> EXTRACTED ENTRIES:

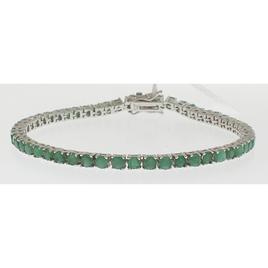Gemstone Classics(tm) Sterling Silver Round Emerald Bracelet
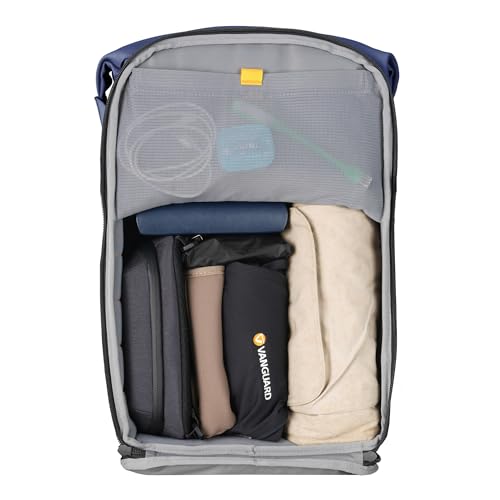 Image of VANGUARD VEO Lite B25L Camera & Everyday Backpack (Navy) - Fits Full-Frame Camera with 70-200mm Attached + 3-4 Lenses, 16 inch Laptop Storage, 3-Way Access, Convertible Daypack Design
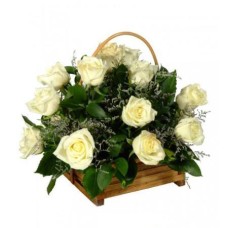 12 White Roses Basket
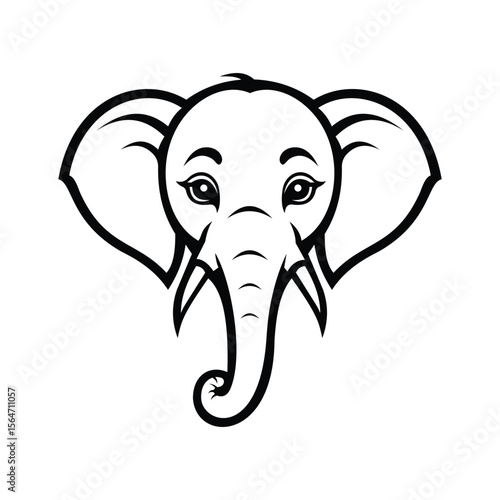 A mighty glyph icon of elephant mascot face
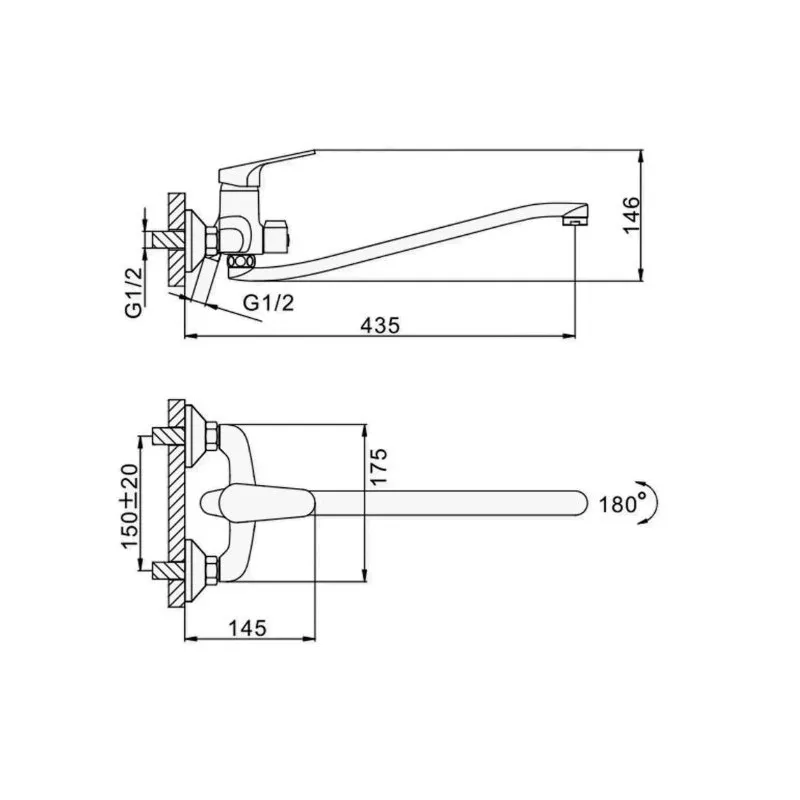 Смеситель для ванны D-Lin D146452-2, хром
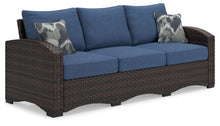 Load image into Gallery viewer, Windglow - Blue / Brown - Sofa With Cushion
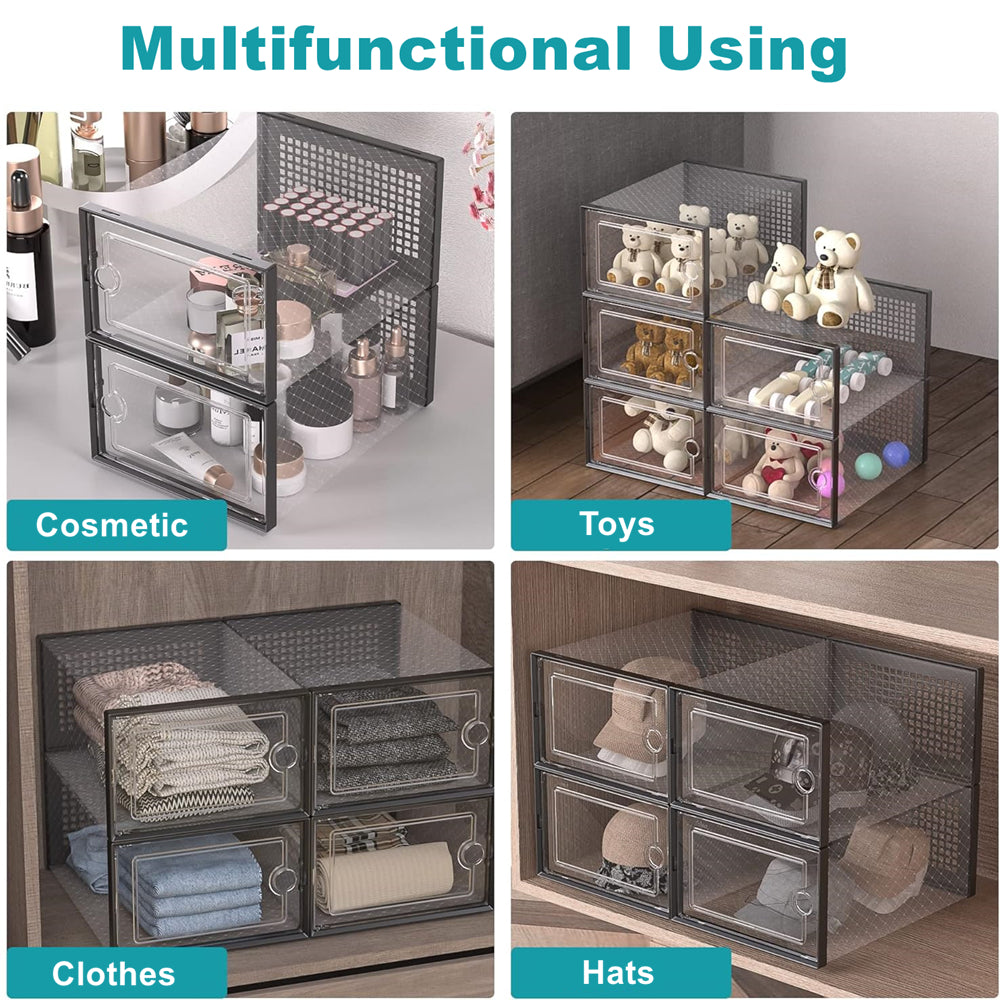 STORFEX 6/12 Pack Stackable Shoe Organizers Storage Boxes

> ACTIVITY: Lines from the one containing "Load image into" through the final line of the entries above are to be retyped exactly, with every picture left out.

> SOLVED PROBLEM:
 Load image into Gallery viewer, Windglow - Blue / Brown - Sofa With Cushion
 STORFEX 6/12 Pack Stackable Shoe Organizers Storage Boxes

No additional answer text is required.